右から左から轟音が響き合い、耳がおかしくなりそうな有様だった。食いしばった奥歯が痛くなるようにすら感じた。
相手が浮かんでいるとは言え、ほぼ至近距離だ。特に魔力投射砲にとっては。
砲口の向きと発射時の火線から、一瞬でどこが狙われているか判断し、確実に回避しなければ命は無い。あれを喰らってもチートパワーで防げるか、流石に実験する気にはなれなかった。
『わはははは! このまま空から嬲り殺してくれるわ!』
滅茶苦茶に、雨あられと、砲撃が降ってきた。
狙いはあまり正確でないが、この場合それはあまり問題ではなかろう。ひたすら攻撃をばら撒き続ければいつかは命中するし、それはおそらく燃料切れよりも早い。

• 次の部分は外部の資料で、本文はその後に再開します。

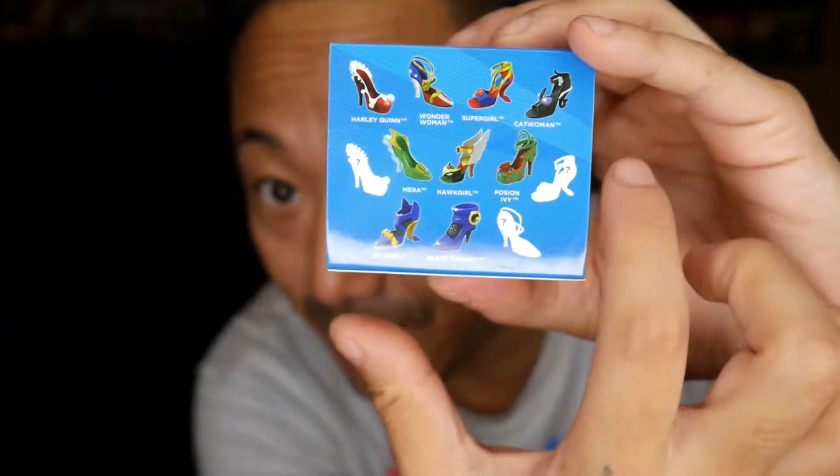Today I have — I want to hold them all up at the same time — I have six, one, two, three, four, five, six of these pump figures.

そして、こんな規格外の攻撃、目の前の一人二人を殺すには本来なら過剰火力である。かするだけでも致命傷だ!
「じゃ、撃ちますよー、ヒミカさん」
「了解、フワレちゃん」
クラウチングスタートのように地面に手を突き、ヒミカは身構えた。
「1,2の、3!」
「≪
そして、跳躍!
フワレが炊事の時に竈を作るのと同じ魔法だ。土や石を任意の形に変形させる初歩の魔法。それを使って一気に地面を盛り上げ、フワレはヒミカを打ち上げた!
『なぁっ!?』
泡を食った声が頭上から聞こえてきた。
空中でヒミカは自分を狙った対抗射撃と擦れ違う!
地上ではフワレがバリアを張って流れ弾の爆発を防いでいた。
やがて、運動エネルギーが位置エネルギーに変換され、重力と釣り合う。
ゴーレムを見下ろす高さまで飛び上がったヒミカに、ゴーレムの砲塔旋回は追いつかない。
そこでヒミカは、宙を蹴る。
まだこれは実験的アクションだった。体内の熱量や筋肉の運動に関係無くエネルギーを生み出せるなら、それで自分を移動させることも可能なはずだ、と。
一蹴りまでは安定した。要は空中ジャンプである。
コクピット目がけ、矢のようにヒミカは降下。
そして取り付き、力ずくで装甲をめくり上げた!
レバー、ボタン、バルブ、その他諸々が大量に突き出した操縦席。
ゲーミングチェアめいた大きな椅子に座っていたのは、漆黒のアカデミックガウンを着た、熊のような体格の中年男性だった。
とは言え熊に似ているのはシルエットと体積だけで、その身体に熊の強靱さは無く、弛んでいたが。
ヒミカは腰ベルトから木イチゴペーストのウエハースサンドを取り出し、ワイルドにへし折るように囓り取る。
脂質より炭水化物を採りたいので、砂糖は多め、バターと牛乳は少なめのブレンドだ。木イチゴの甘酸っぱさとウエハースの甘さが引き立て合って美味しい。
「で、何か言い残すことは?」
「……あの豚姫がどうすれば、ここまで鍛えて痩せられるんだ……
頼む……最後にそのトレーニングの知識を俺にくれ……」
ヒミカは細く長い溜息をついた。
それから。
「……腕を振り上げて大きく相手を殴り飛ばす運動ォ!!」
「うげあっ!」
浮遊ゴーレムは釣り糸を切られたかのように墜落し、ヒミカはコクピットを蹴って離脱。
三回転して着地したヒミカの背後で、分厚い雲すら吹き飛ばすほどの大爆発が起こった。